Electronics > Projects, Designs, and Technical Stuff
Extreme water cooling
schmitt trigger:
The Cray 2 Supercomputer utilized Fluorinert liquid cooling back in the mid 1980s
However, because of its harmful atmospheric effects, I ignore whether it is still available.
TimFox:
The CDC 6600 had a pressure gauge on the front panel to monitor the Freon refrigeration system.
c64:
--- Quote from: ChristofferB on August 10, 2020, 07:31:27 am ---I dont think it's so much heat sinks being worse while submerged as much as the fluid (air or liquid) being still, as opposed to a forced flow
--- End quote ---
Actually, I was thinking about no heat sinks at all. Just water
Berni:
--- Quote from: c64 on August 11, 2020, 07:19:01 am ---
--- Quote from: ChristofferB on August 10, 2020, 07:31:27 am ---I dont think it's so much heat sinks being worse while submerged as much as the fluid (air or liquid) being still, as opposed to a forced flow
--- End quote ---
Actually, I was thinking about no heat sinks at all.

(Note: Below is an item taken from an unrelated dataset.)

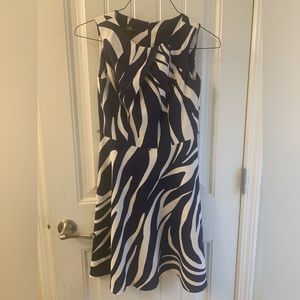 AGB Navy and White Dress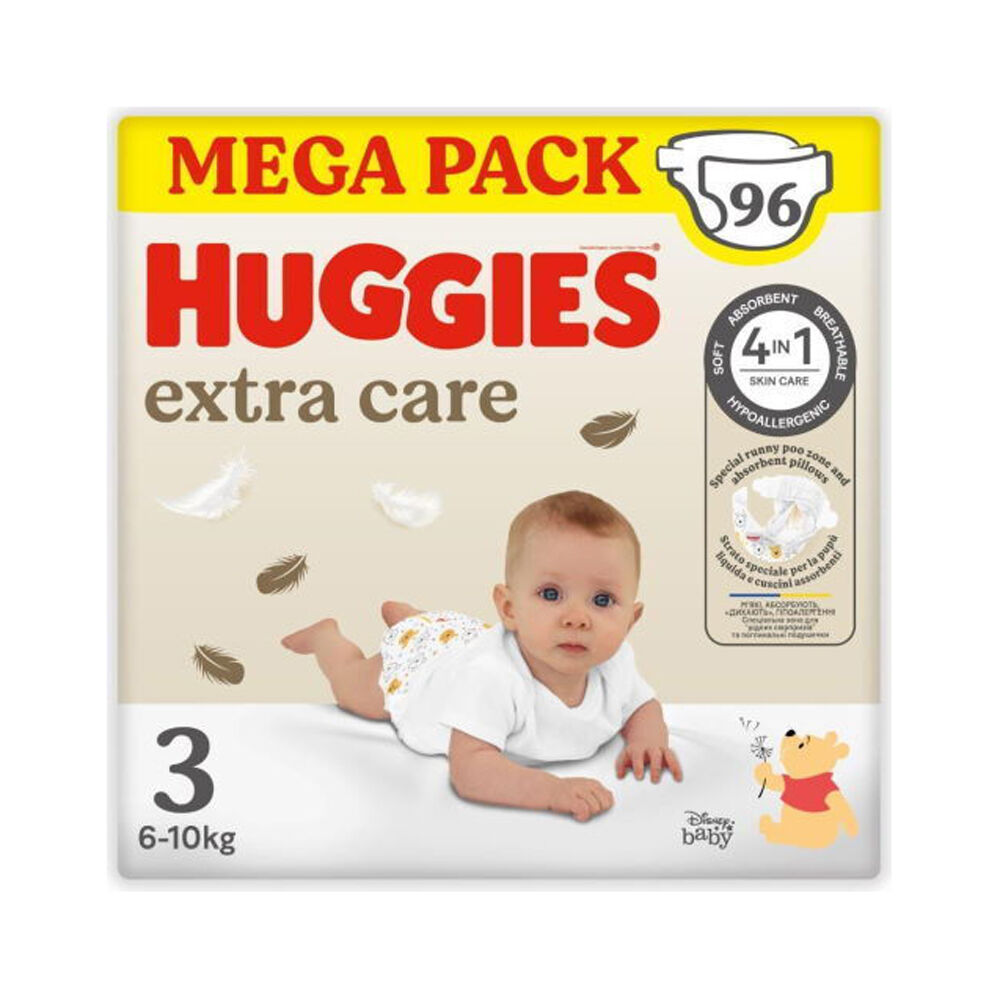 Huggies Pannolini Extra Care Taglia 3 96 Pezzi, , large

Just water
--- End quote ---
It would work if you live on Mount Everest where the boiling point of water is about 70°C. But at sea level in normal air pressure nope.
EDIT: Unless you are cooling something like a reasonably power saving laptop CPU or one of those low clocked low power binned Intel desktop chips. Those might produce so little heat that it works. But then again you can cool these CPUs without even using a fan if the heatsink is fairly big.